The Scout Rangers had tracked the bandits to a makeshift camp in the rough terrain and dense jungle—something this specialized unit of the Philippine Army was justifiably proud of.
Six hostages of varying nationalities needed rescuing, and soon. Those unfortunate people were kidnapped off a small coastal resort just outside the city, and had been held captive for nearly seven weeks.

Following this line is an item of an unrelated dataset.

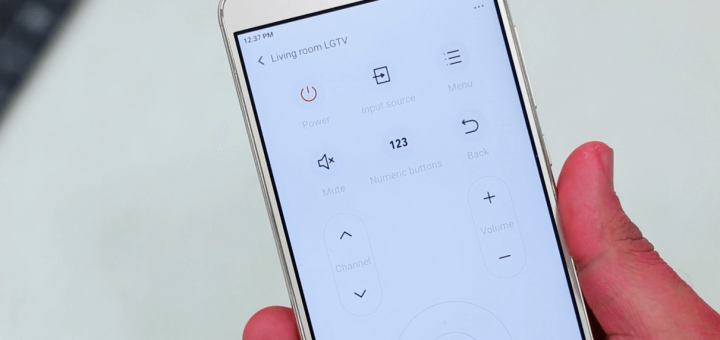 Come usare il telefono come telecomando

Military intelligence had gathered information about the bandits and their captives from locals who'd informed them that two of the hostages seemed ill, while the bandits, the locals said, were running low on supplies and were making forays into small communities to buy, bully away, or outright steal food and medicine under the cover of darkness. The rescue had to go down flawlessly or those bandits would begin killing their captives, and possibly bring a running gunbattle to the nearby communities.
Now or never, dudes.
Habagat cheered the ground troops on silently, hoping they reached the target area he was sweeping, along with some special foreign military personnel who were not officially supposed to be in on the operation. He'd spotted one of the hostages in a small clearing below, a Caucasian woman whose light brown hair was matted and whose skin was marked with bruises and bloody cuts, and sunburnt a painful shade of red. She was attempting to signal to his aircraft with a bright yellow piece of cloth when one of the bandits noticed her, and she was dragged off and dropped into some sort of pit.
Habagat flew off, hoping to mislead the criminals below into thinking his plane was just another cloud seeding aircraft come to bring rain in the dry months of summer. Then he doubled back and hovered a bit higher over the target area.